- **Task objective**
Across the whole listing, copy out every line that includes the string "over".

----- Input for this task -----

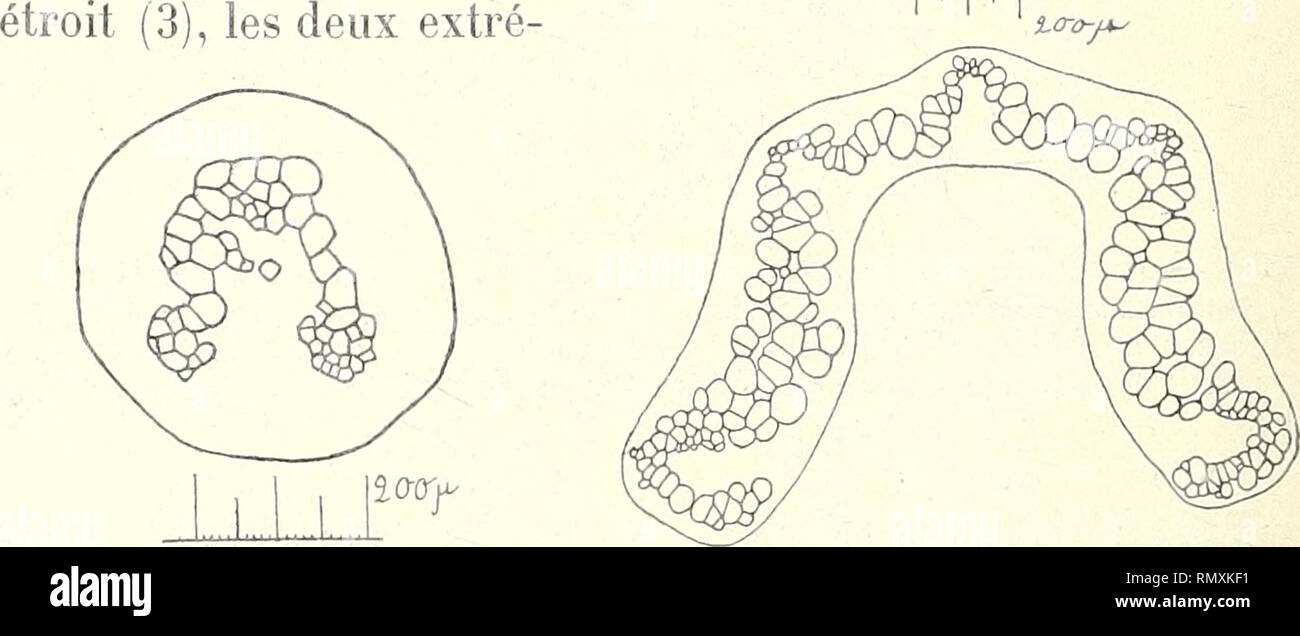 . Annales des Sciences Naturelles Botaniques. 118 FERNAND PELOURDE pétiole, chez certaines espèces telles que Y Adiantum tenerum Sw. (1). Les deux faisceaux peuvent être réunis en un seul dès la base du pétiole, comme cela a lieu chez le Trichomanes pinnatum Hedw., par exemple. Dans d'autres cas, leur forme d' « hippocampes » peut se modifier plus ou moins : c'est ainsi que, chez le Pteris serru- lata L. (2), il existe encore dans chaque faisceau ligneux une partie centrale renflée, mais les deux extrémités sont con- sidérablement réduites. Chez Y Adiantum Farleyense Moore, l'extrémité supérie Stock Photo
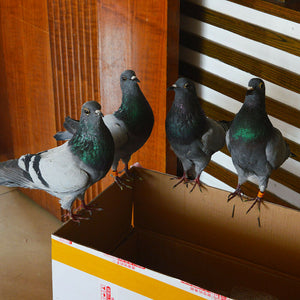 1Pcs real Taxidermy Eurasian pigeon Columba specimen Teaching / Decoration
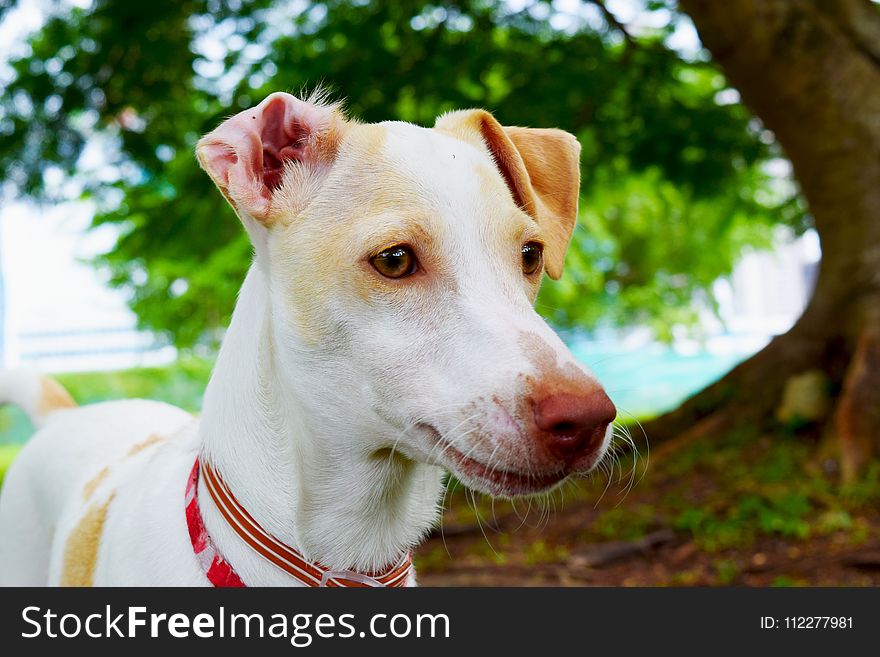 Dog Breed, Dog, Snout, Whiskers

-----
----- Input for this task -----

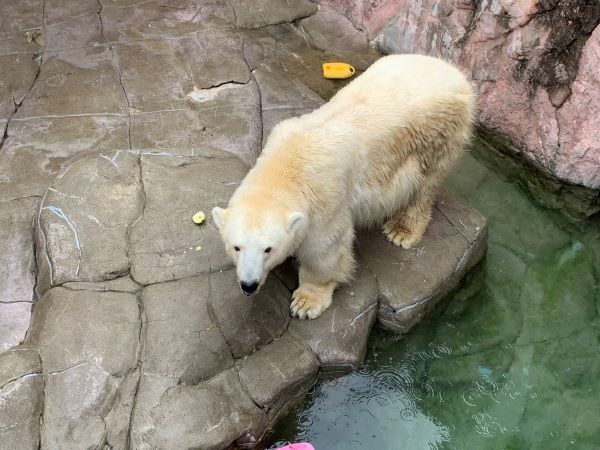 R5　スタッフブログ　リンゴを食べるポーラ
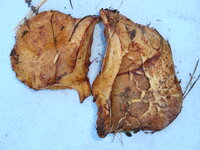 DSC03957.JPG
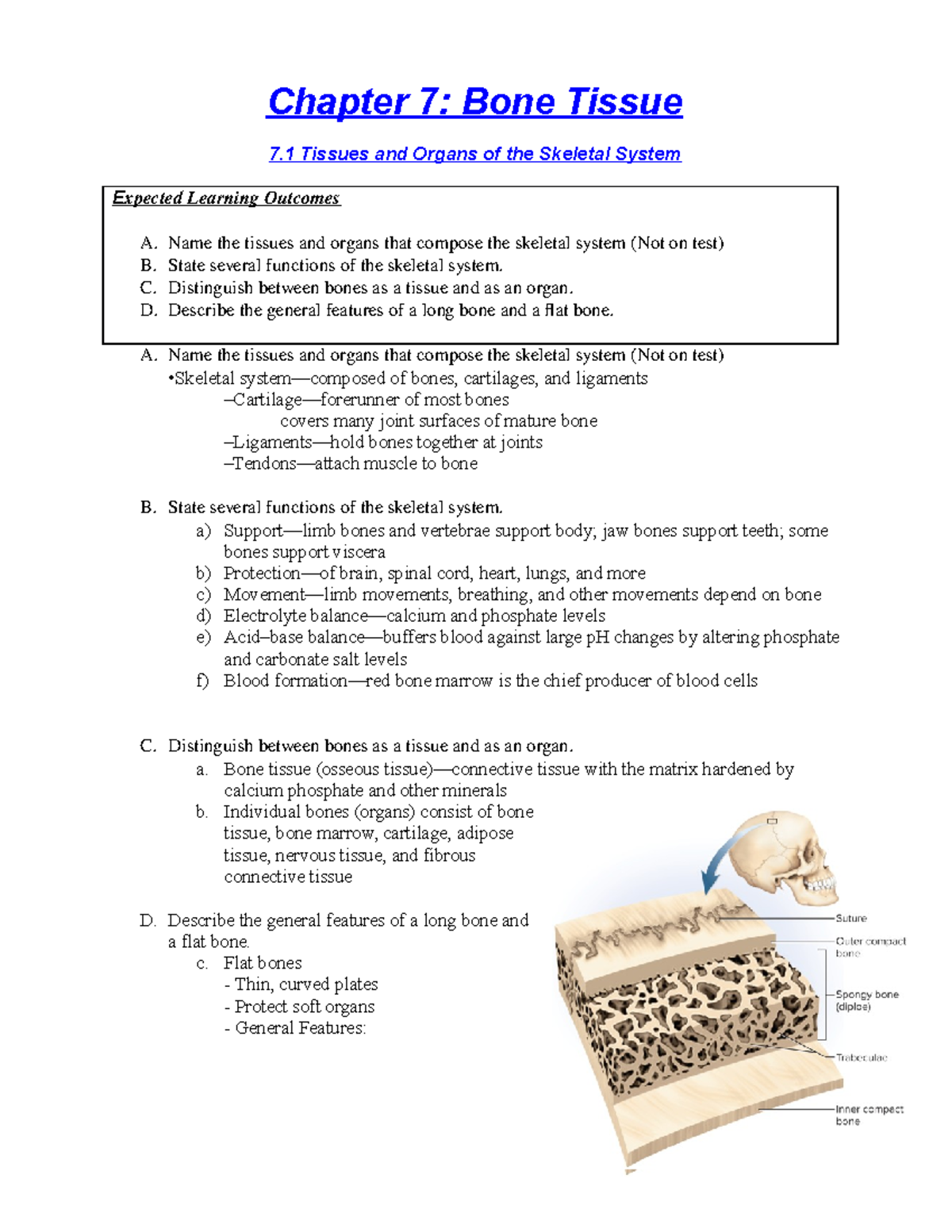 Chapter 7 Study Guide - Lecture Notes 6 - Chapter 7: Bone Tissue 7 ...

-----
----- Input for this task -----

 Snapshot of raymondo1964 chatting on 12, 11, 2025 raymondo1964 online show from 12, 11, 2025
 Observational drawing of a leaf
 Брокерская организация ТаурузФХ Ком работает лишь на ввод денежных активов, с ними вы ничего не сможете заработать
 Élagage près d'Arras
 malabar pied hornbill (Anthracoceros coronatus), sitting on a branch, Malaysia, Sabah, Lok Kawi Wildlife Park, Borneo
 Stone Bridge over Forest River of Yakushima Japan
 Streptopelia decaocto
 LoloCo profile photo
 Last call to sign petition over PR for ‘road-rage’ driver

-----

- **Answer to this exercise**
 Stone Bridge over Forest River of Yakushima Japan
 Last call to sign petition over PR for ‘road-rage’ driver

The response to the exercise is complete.